EXERCISE DETAILS ▸ Beginning with the line that holds "Maison à SAINT-RAPHAEL" and finishing with the line that holds "Продам ПОДСТАВКУ для Цветов", repeat the listing exactly, leaving every picture out.

AVAILABLE RECORDS ▸
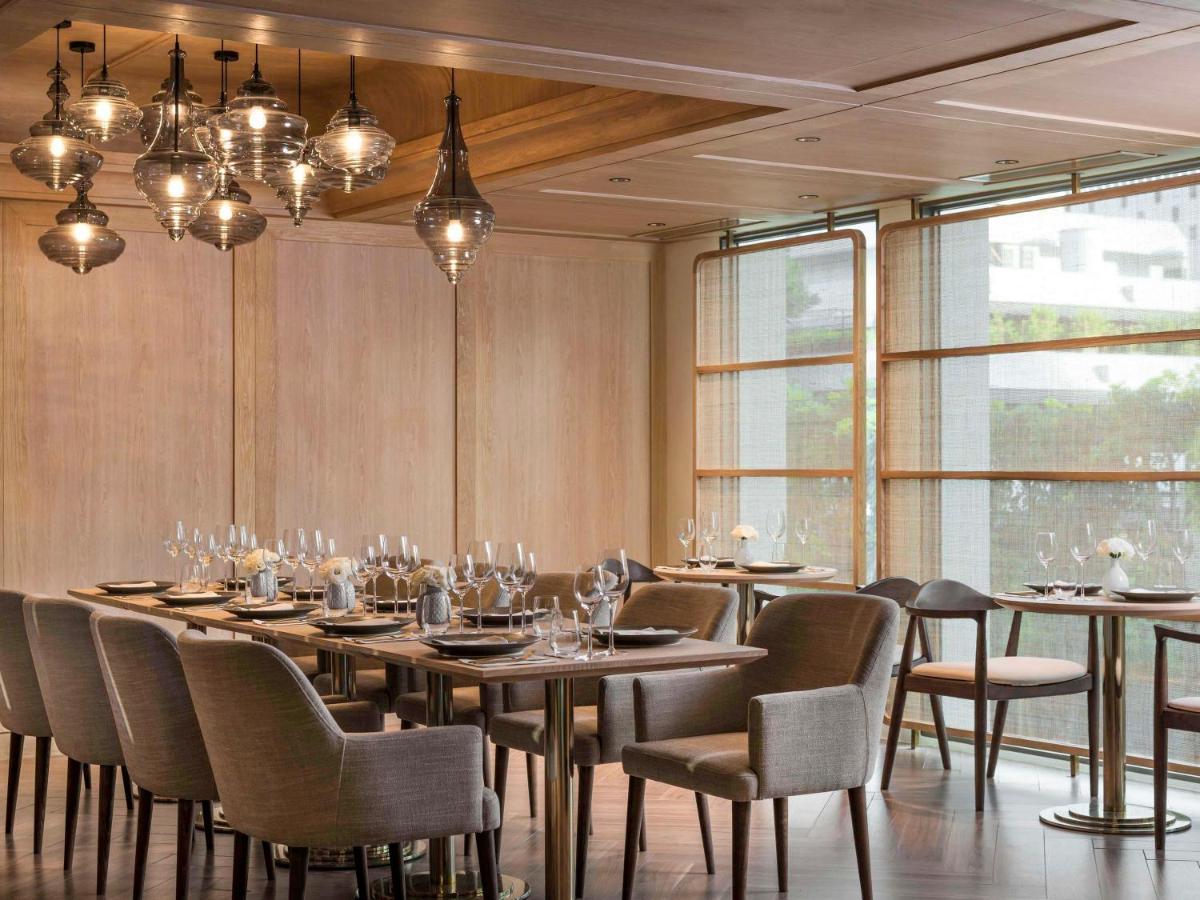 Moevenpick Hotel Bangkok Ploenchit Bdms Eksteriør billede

* * *

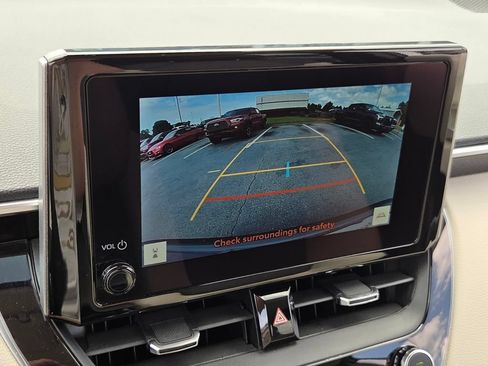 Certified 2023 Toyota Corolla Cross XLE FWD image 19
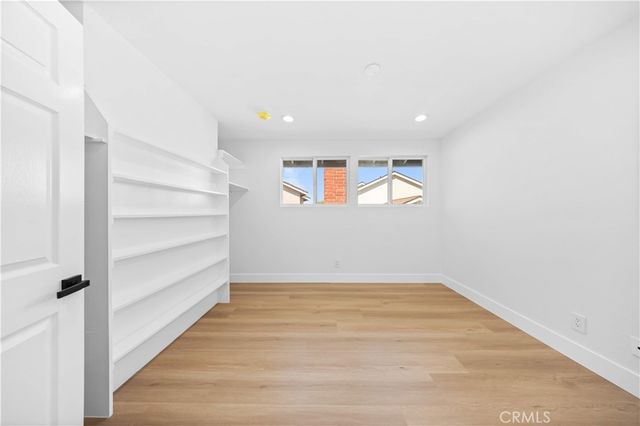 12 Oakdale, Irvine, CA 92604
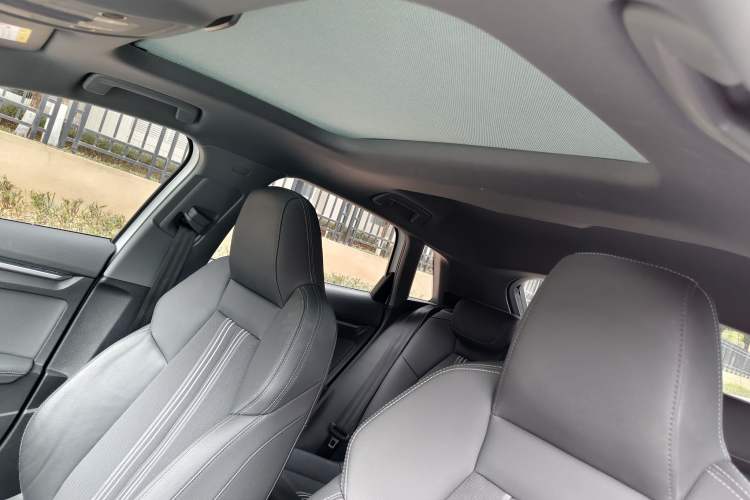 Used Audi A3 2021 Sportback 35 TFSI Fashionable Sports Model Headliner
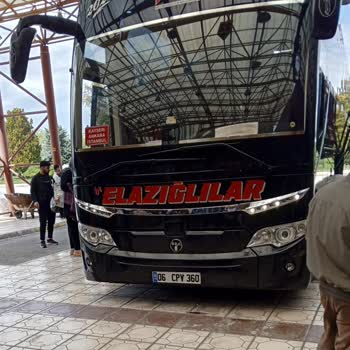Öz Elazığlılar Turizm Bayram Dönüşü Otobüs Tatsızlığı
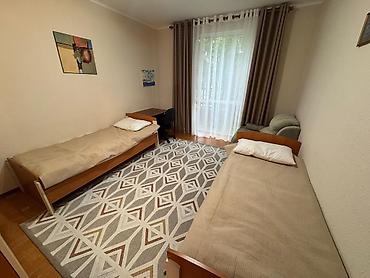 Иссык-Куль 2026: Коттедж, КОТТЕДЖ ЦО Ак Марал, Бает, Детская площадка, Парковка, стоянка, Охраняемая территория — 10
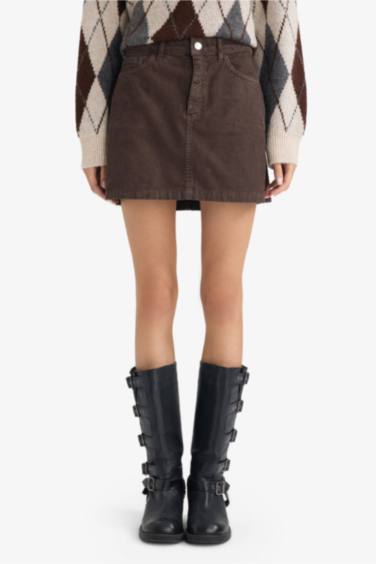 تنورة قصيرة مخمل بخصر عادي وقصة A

---

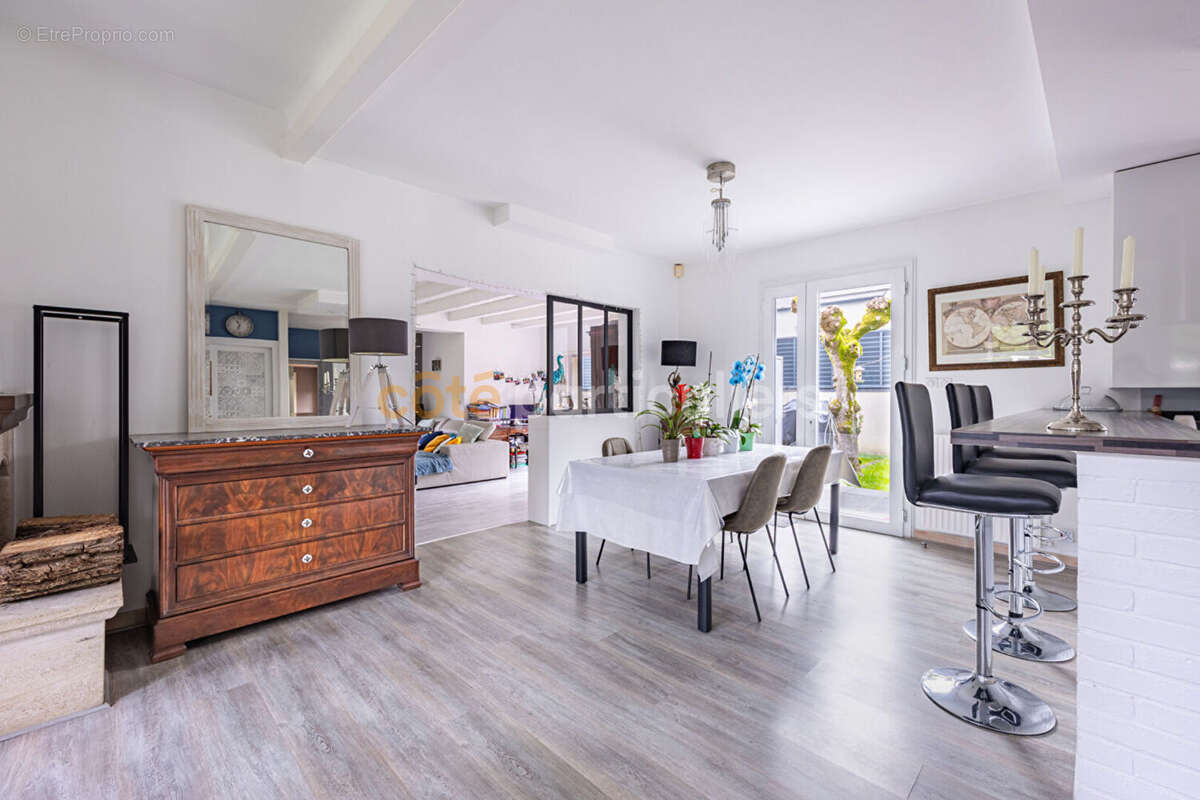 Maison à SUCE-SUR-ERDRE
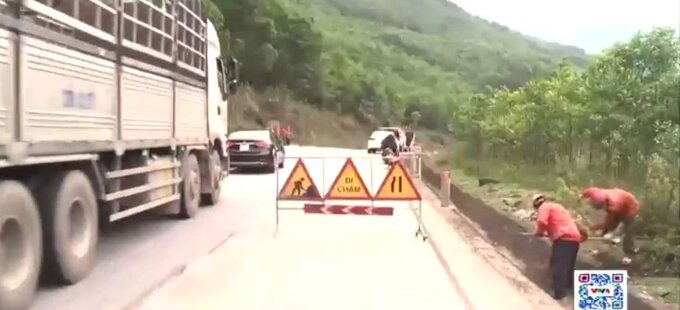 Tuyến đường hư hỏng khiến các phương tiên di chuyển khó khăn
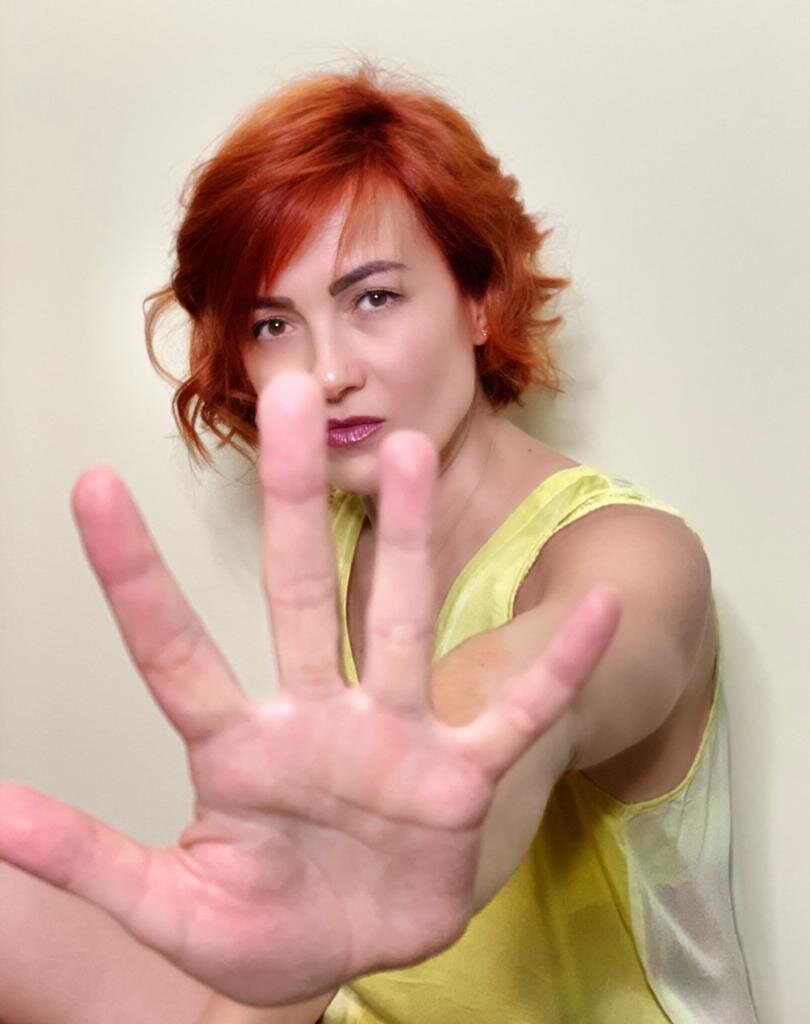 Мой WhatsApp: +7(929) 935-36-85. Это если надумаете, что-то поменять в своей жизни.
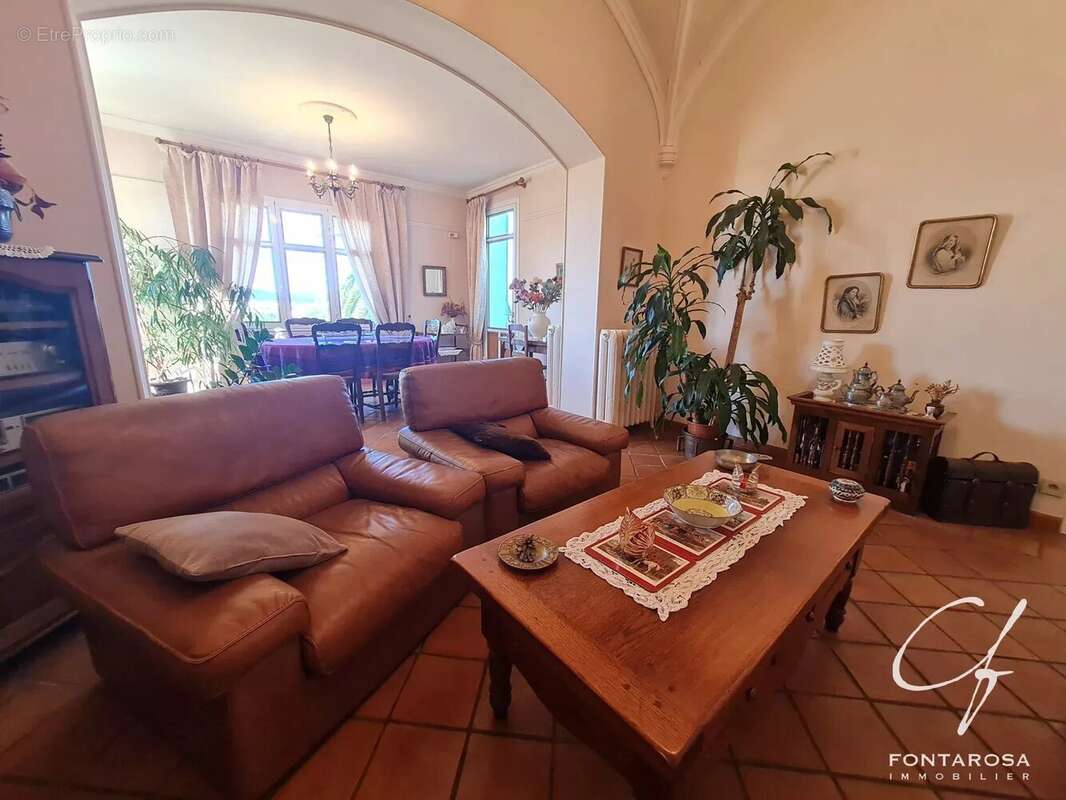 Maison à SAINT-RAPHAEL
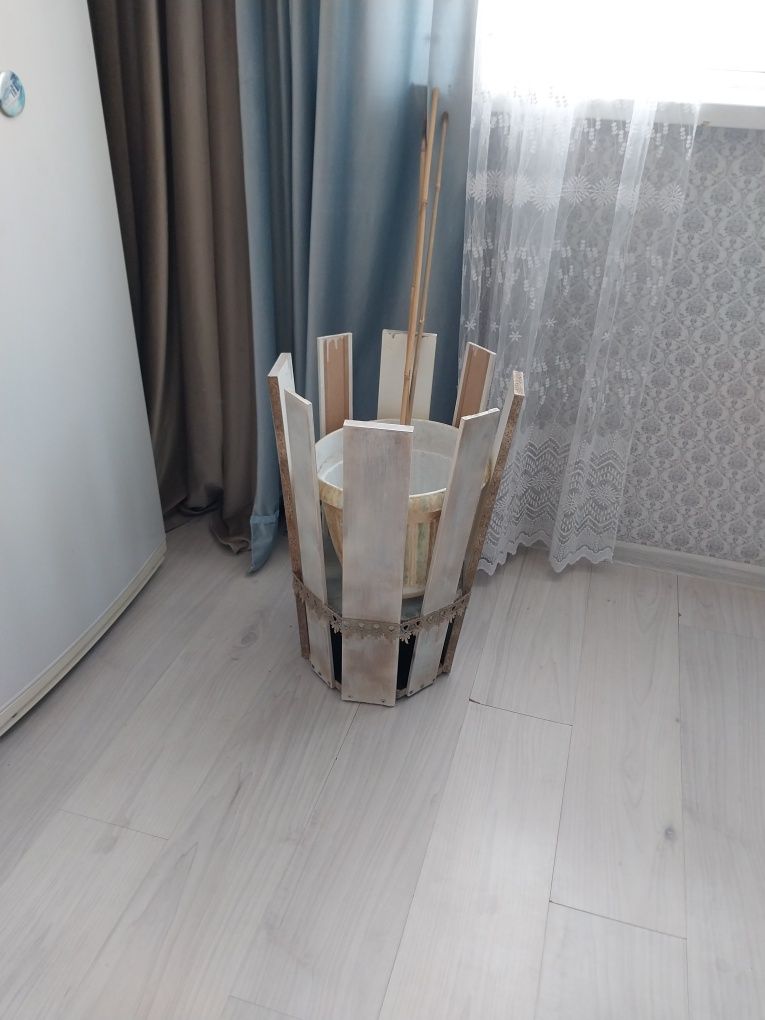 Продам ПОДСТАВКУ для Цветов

SOLUTION ▸
 Maison à SAINT-RAPHAEL
 Продам ПОДСТАВКУ для Цветов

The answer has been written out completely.